The conversation spurred Mr Muruganantham into a frenzy of invention to produce an affordable napkin for women. Such was his dedication, bordering on obsession, that he once wore a football bladder of animal blood to trial a prototype. He was forced from his home by villagers who thought his methods had become too perverse after he started collecting used napkins from medical students. He was even abandoned – temporarily – by his wife and mother, who believed he had gone mad.
But 14 years later, the 49-year-old, who never finished school, has few regrets. Now dubbed the "Tampon King", his award-winning napkins are being produced on simple machines by groups across rural India and helping to revolutionise women's health. One workshop in India is operated in a shed in the Pardada Pardadi Inter-College, a forward-thinking girls' school run by an NGO in the town of Anupshahr, next to the Ganges river in Uttar Pradesh.
Here, Rama Devi, spends the first week of every month with six local women in the top-floor workshop, using simple hand-operated machines and following the five-step system that produces the sanitary napkins sold and distributed under the label Laadli, or "Beloved Daughter". While companies such as Procter & Gamble produce napkins that sell for up to 30 rupees (33p) a packet, these are sold for as little as 10 rupees.

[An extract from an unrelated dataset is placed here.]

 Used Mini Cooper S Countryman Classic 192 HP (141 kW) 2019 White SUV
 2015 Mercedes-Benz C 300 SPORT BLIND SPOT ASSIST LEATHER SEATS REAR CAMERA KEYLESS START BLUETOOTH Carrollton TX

The remainder of the month Ms Devi travels to villages, meeting young women, educating them about basic health issues and selling the products.
On a recent morning, i accompanied Ms Devi, a single mother with four daughters, and the family's sole earner, to the village of Dungra Jogi.
Shaded from the sun beneath a large archway, one of them, 25-year-old Umar Parthak, said of the napkins: "We feel a lot more freedom. It gives us a lot more freedom to go out. Also, the rags that we previously used were not hygienic." In some parts of rural India, as in many places in the developing world, the issue of women's menstruation is a matter still associated with taboo and discrimination. In some communities, women are still considered "unclean" during menstruation and are forbidden from entering the kitchen.
Professor Ritu Priya Mehrotra, of the social medicine department of Delhi's Jawaharlal Nehru University, said women had traditionally used old cotton for menstrual hygiene. But a shift from cotton to synthetic saris meant many were now using man-made fibre, which was unhealthy and could not be sanitised in the same way. Previously women used sand or even mud. But Mr Muruganantham's product is not just a health boon for women, the production method also offers job and education opportunities. "I am trying to change the way the women think," Ms Devi said.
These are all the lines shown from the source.